Dataset section:

..............................

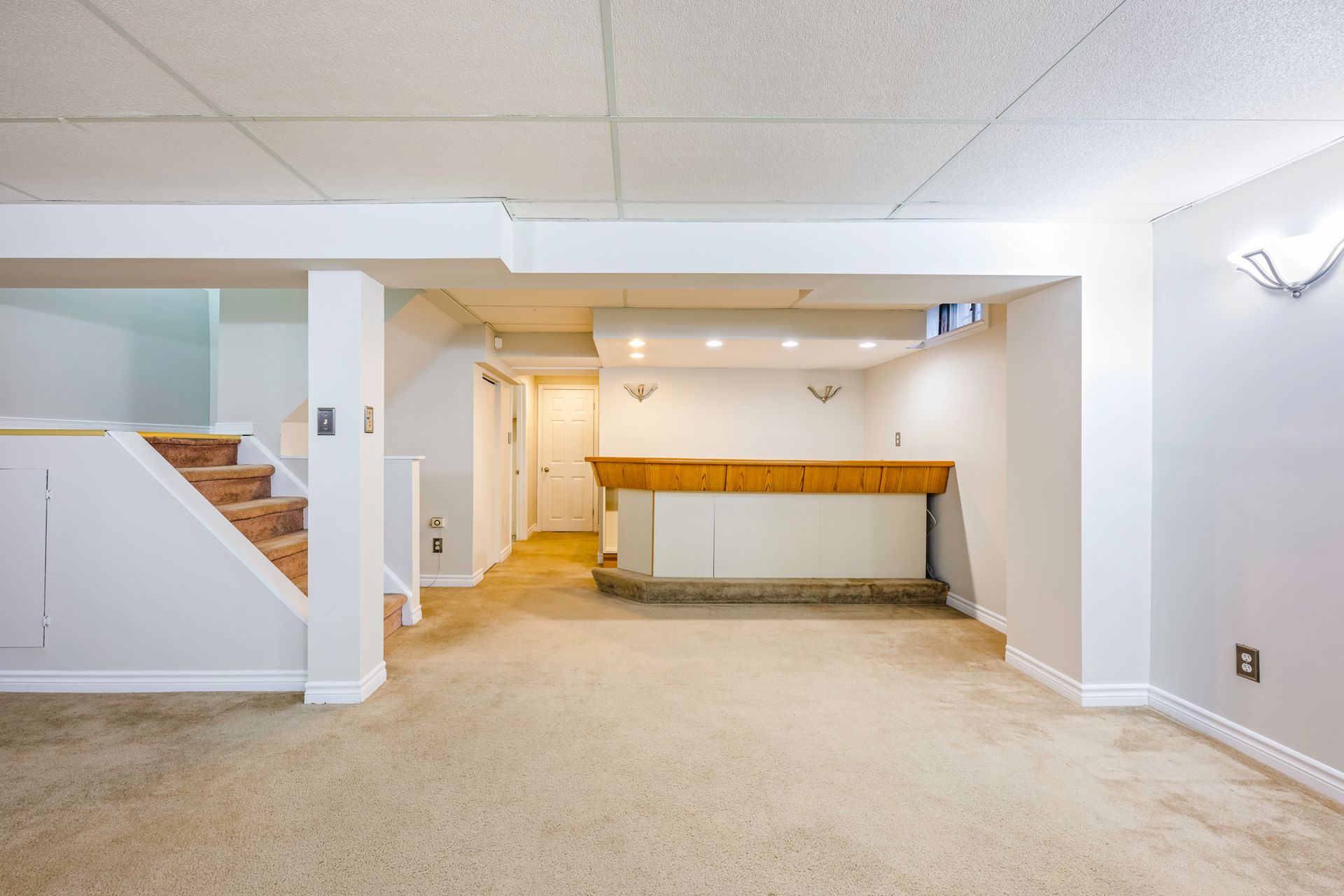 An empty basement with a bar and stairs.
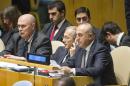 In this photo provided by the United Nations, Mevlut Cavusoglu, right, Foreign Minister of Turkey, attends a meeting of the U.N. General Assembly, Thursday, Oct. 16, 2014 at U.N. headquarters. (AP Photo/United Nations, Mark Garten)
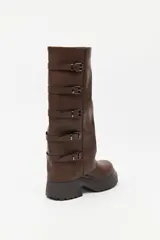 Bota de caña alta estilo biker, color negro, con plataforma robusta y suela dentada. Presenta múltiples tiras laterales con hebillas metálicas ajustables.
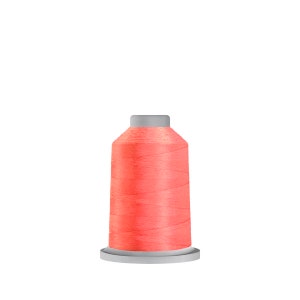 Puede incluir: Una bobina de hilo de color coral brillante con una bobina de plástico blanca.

..............................

Problem description: I'd like the material repeated word for word, without the pictures it holds.

Your response:
 An empty basement with a bar and stairs.
 In this photo provided by the United Nations, Mevlut Cavusoglu, right, Foreign Minister of Turkey, attends a meeting of the U.N. General Assembly, Thursday, Oct. 16, 2014 at U.N. headquarters. (AP Photo/United Nations, Mark Garten)
 Bota de caña alta estilo biker, color negro, con plataforma robusta y suela dentada. Presenta múltiples tiras laterales con hebillas metálicas ajustables.
 Puede incluir: Una bobina de hilo de color coral brillante con una bobina de plástico blanca.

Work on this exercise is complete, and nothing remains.